Former NBA players Matt Barnes and Vernon Maxwell react to Rockets' chemistry issues and explain why Kevin Durant is not the problem.

8 Min Read
Mandatory Credit: Bill Streicher-Imagn Images

The Rockets have recently struggled to find consistency in March as we near the tail-end of the season. They are 8-6 since the All-Star weekend and are currently fourth in the West before their fixture tonight against the Lakers.

Kevin Durant’s burner account controversy came to light during the All-Star break, and several voices across the league have expressed concerns about the team’s chemistry ever since.

The problems have become increasingly evident, as even a franchise legend like Vernon Maxwell, who won two championships with the team, sees glaring issues with the team going into the postseason. Maxwell appeared on ‘All the Smoke’ with Matt Barnes and discussed the Rockets’ current state, as they are 15 games away from the playoffs.

Barnes began the criticism by saying that his prediction from the beginning of the season is coming to fruition as the Rockets are struggling without a traditional point guard.

“I said this early in the season, not having Fred Van Fleet was going to hurt them. Uh, I think Aean Thompson has done a great job. He’s putting up great numbers, distributing the ball. KD’s done distributing. Sengun can set the offense, but they don’t have anybody to really run that point.”

“I like Shephard, but he’s more of a scorer. He’s not necessarily your traditional ‘set the table for the talent they have on the offensive end.’ So, I think the point guard position is going to come back to haunt them this season.”

“They’re the bottom five for three-pointers made, the bottom five in turnovers. Losing Fred and Steven Adams has really hurt them. Both those guys are starters,” said Barnes.

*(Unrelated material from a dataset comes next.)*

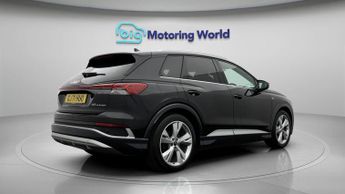 Audi Q4 e-tron S LINE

While Barnes appreciated Durant’s teammates, Maxwell urged them to step up even more when the defense is throwing everything they have at Durant.

“Like I said last year, all we needed was KD. We got KD, a guy to roll the ball out to get you a bucket. But now everybody is standing around watching KD. And I mean s*** it’s just I don’t know,” Maxwell said.

“They said some s*** about some secret page KD did and talked about some of the players on the team, and it’s f***ing split the goddamn guys up, and guys don’t like to high five each other anymore.”

“No motherfu*kers want to bump chests anymore with each other. Everybody just split up the whole fu*king team. So I don’t know, man. It’s a lot of s*** going on out there in Houston,” the Rockets’ legend added.

After hilariously refusing to take up a hypothetical assistant coaching role with the Rockets, Maxwell’s discussion with Barnes circled back to the main issue: the absence of a traditional point guard.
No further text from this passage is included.